Вы видите этот мир с тем большей отчетливостью, что все его признаки — неизменны и все его персонажи появляются с приметами, приросшими к ним наглухо. Как в фольклорной песне. Если Малало — «черноглазая», то без этого определения она в тексте возникнуть не может — только в сращении с эпитетом. Как виноторговец Ваха в начале повествования садится на свою любимую скамеечку, поставив меж колен любимую палку с круглым комлем и сложив на ней руки домиком, так и сидит Ваха до последнего появления. Как пропах колыбельный мастер Бочия древесиной, так и пахнет, и дятел с первой до последней страницы без страха сидит у него на плече. Бедия как ходил с мотком веревки на плече, так и ходит. А Куса — с мешком позвякивающих железяк… но к Кусе мы еще вернемся. А пока — о городе Вани и его жителях ванцах.

Исторического времени нет, конца и начала жизни нет, прошлого и будущего нет; все кольцуется; дети незаметно подрастают и входят в роли взрослых; взрослые тихо умирают, уступая места и роли. Впрочем, не тихо, а иногда весьма громко: живое и мертвое настолько привычно чередуются в этом бытии, что между ними в сущности мало разницы, и по поводу смерти виноторговца Вахи горожане потешаются с тою же искренней веселостью, с какой они хохочут над странностями какого-нибудь чудака Фарнаоза, решившего жить в пещере… или взлететь… или еще как-нибудь распотешить эту несдвигаемо прочную вселенную.

Вспоминается Томас Манн: как у него идет человек вдоль берега моря и видит, как возникают на горизонте мыс за мысом — это такие исторические горизонты, когда не определишь, что за персона скрывается под легендарным именем: это может быть и прадед, и правнук….

Отар Чиладзе реализует подобные мифологемы с такою же обманчивой невозмутимостью, что и великий немец: и там, и тут невозмутимость коварна.

Настоящая вечная жизнь состоит из таких же первичных звуков и предметов, как стук топора, петушиная песня и тень замершего на потолке скорпиона…

Читатели, имеющие вкус к эмоциональной тайнописи, особенно у такого поэтичного стилиста, как Отар Чиладзе, не пропустят, конечно, эту тень, то есть эту смертельно ядовитую бестию, как бы невзначай влетевшую в вечный рай.
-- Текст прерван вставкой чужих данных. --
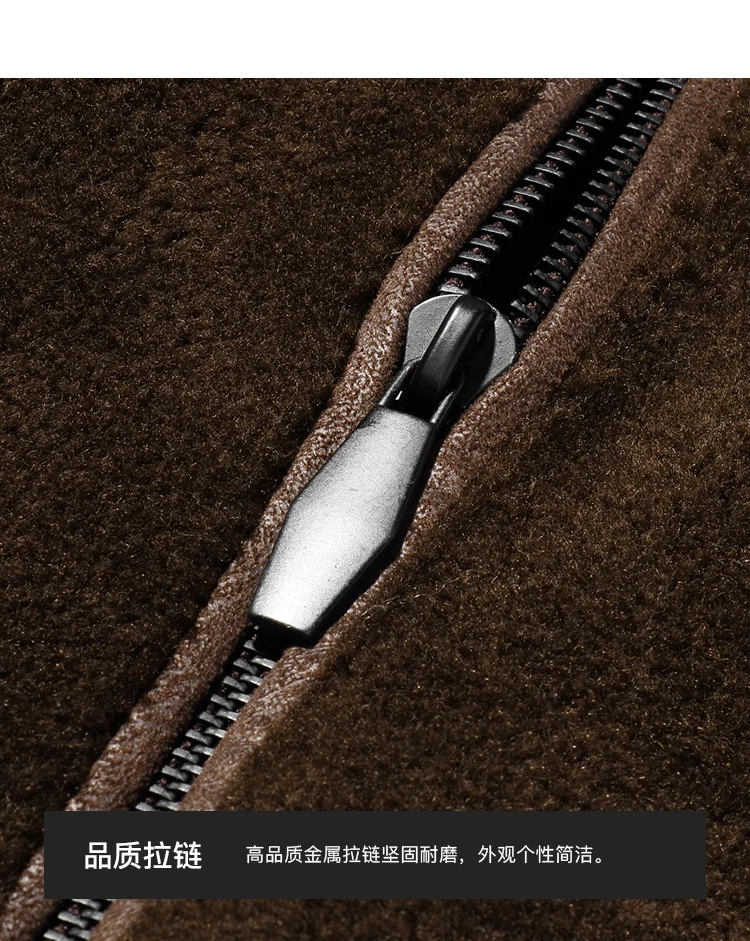 AYUNSUE Real Fur Coat Men Jacket Winter Wool Sheep Shearing Short Korean Bomber Jacket Erkek Mont K9SYJI028 KJ3503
Конечно, это «чисто реалистическая» деталь из быта жителей субтропиков. Но перед нами отнюдь не «чистый» реализм, а реализм мифологический, к тому же воплощаемый рукой поэта. Когда царская дочка (а царские дочки в этом мире бегают с тазиком к речке стирать белье и обустраивают свой двор не в том смысле, в каком это будут делать короли времен Абсолютизма, а как крестьяне всех времен), так вот: когда царская дочь, отгородившая свой укромный «дворик», боится, что кто-то отломит прутик от ее изгороди, — вы воспринимаете этот образ чисто поэтически. Прутик рифмуется с тем, как птица лепит хрупкое гнездо из сучков мечты, скрепляя их клеем греха. Прочувствуйте же лейтмотив: обламывается веточка и исчезает сад; именно так, от одной сломанной веточки умирает сад Дариачанги, превращаясь в кладбище, — это центральный поэтический образ романа, базисная мифологема, национальный рай, расцветший на краю обрыва: тронешь ниточку — все рухнет.
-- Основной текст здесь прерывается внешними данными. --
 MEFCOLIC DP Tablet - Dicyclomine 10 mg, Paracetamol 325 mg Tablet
Если у всего есть свое вечное, принадлежащее ему место… то стоит лишь пошевелить, чуть сдвинуть или заменить какую-либо, хотя бы самую незначительную часть этого мира, чтобы все спуталось, пришло в смятение, и воцарилась неразбериха.

Почувствовали?

То ли это мир, то ли мираж.

Мираж исчезает от любого внешнего толчка.
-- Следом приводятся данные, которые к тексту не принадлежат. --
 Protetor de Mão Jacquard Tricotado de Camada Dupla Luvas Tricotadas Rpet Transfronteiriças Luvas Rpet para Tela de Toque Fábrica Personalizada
Первая естественно грозящая этому самодостаточному миру опасность появление чужака.

Чужак приходит робко, держится скромно, просит убежища, благодарит за приют. Потом он осваивается, становится весел, непринужден, подчеркнуто беззаботен. Потом он гордо поднимает голову, глаза его светятся, как у зверя, он проворен, быстр, удачлив…. Он идет по волоску над пропастью, однако укореняется прочно.

Можно привязать эти качества, или эти стадии вторжения, к облику того или иного героя, скажем, Фрикса или Ясона, можно соотнести их с «волнами», накатывающими на Колхиду «вечно» и появляющимися из «бесконечности», подобно тем же мысам Томаса Манна…. Отар Чиладзе настолько прикован к этой роковой опасности, что невозможно не спросить: откуда она?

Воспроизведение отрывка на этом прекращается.